Bu kitapların yayınlanması kesinlikle durdurulmalı. Cezaları ağır olmalı. Mesela hem yazar hem yayınevi hepsi bu durumda suç ortağıdır. Bana göre hepsi cezalandırılmalıdır. Çünkü çocuk yetiştirmek heykeltıraş olmak gibidir. İnce ince yavaş yavaş işlemeliyiz ama güzel bir ürün çıkartmalıyız ortaya. Milli eğitim sistemi bünyesinde çocuk kitaplarını tek tek inceleyip onayını almaya çalışacağımız bir alan olmalı. En ince ayrıntısına kadar inceleyip onay verdikten sonra kitaplar basılmalı. Kitaptaki küçük bir kelime veya görsellerindeki ince bir ayrıntı onları direk olumsuz etkileyecektir. Editörlerimize de bu konuda çok sorumluluk düşüyor. Benim bu konuda vicdanım çok rahat. Çünkü İlknur Artuğ hocam editörlüğümü yapıyor. Çok değerli bir editördür İlknur Hocam… Kitapta sakıncalı şeyler dikkatini çekmişse muhakkak uyarır yazarlarını. Yazar bu konuda direnirse, onunla çalışmayı bırakacak kadar adil dürüst bir insandır. 

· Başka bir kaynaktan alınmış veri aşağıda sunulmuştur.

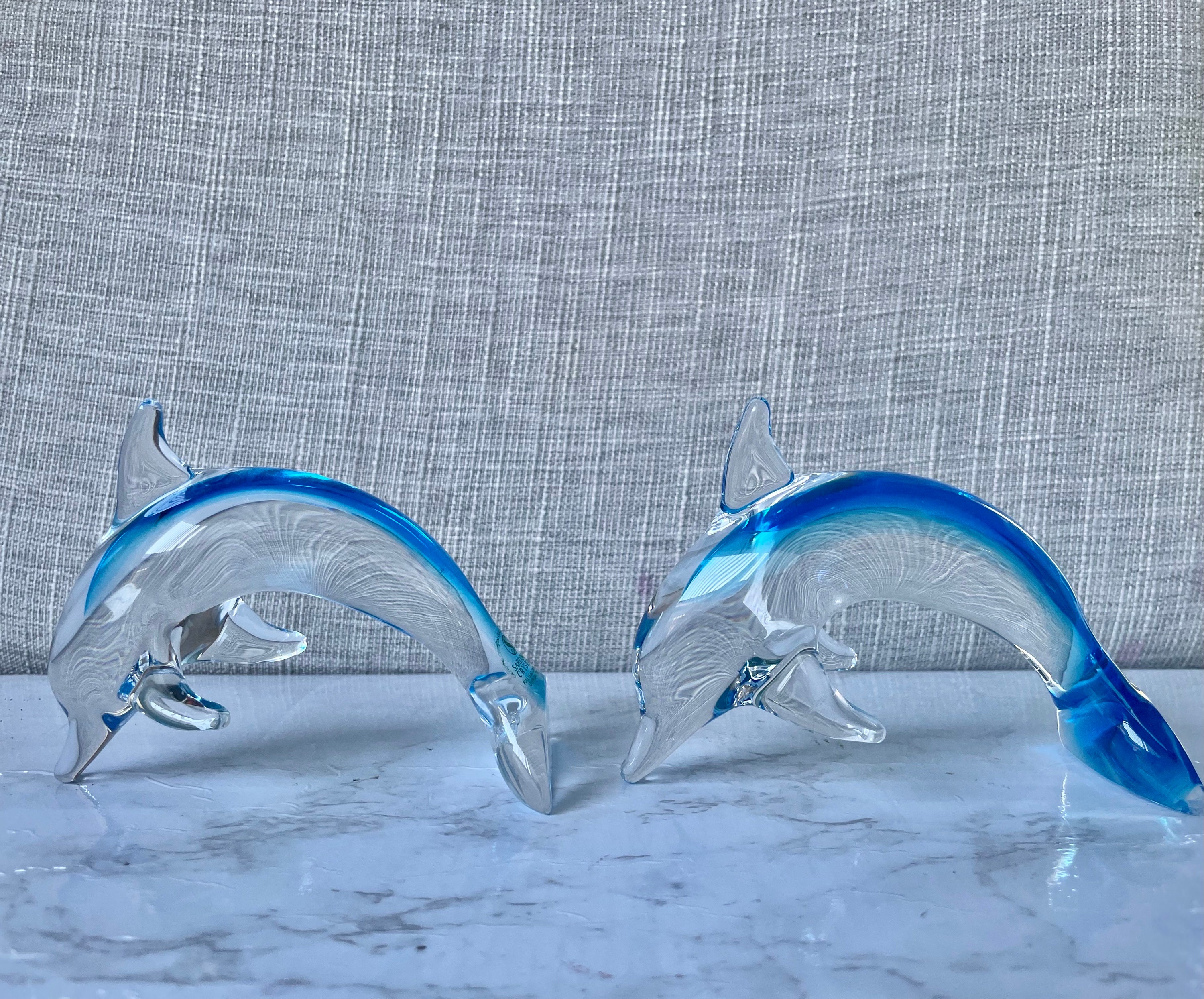 Vintage Sardinia Crystal Dolphins – Set of 2 by Marcolin – Blue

·       Geleceğe dönük plan ve projelerinizi anlatır mısınız?

Şu anda ve gelecekte kitap yazmaya devam ediyorum ve etmeyi planlıyorum. Şu an “Çocuklar İçin Kaşifler ve Mucitler” serimin 12’nci ve 13’üncü kitabını yazdım bitirdim. Sevgili editörüm İlknur Hocam’a gönderdim, edit aşamasında. Sonraki adımım sevgili çizerim Yasin Yılmaz Saçkan’ın resme dökmesi olacak. Ayrıca ilerleyen zamanda kendi hayal ürünüm olan bir hikaye kitabım var, onu yayınlamayı düşünüyorum. Artı yetişkin edebiyatında da tecrübe kazanmayı planlıyorum. Yazdığım tüm kitaplarımı diğer ülkelerde de yayınlamak, planlarımdan bir diğeri.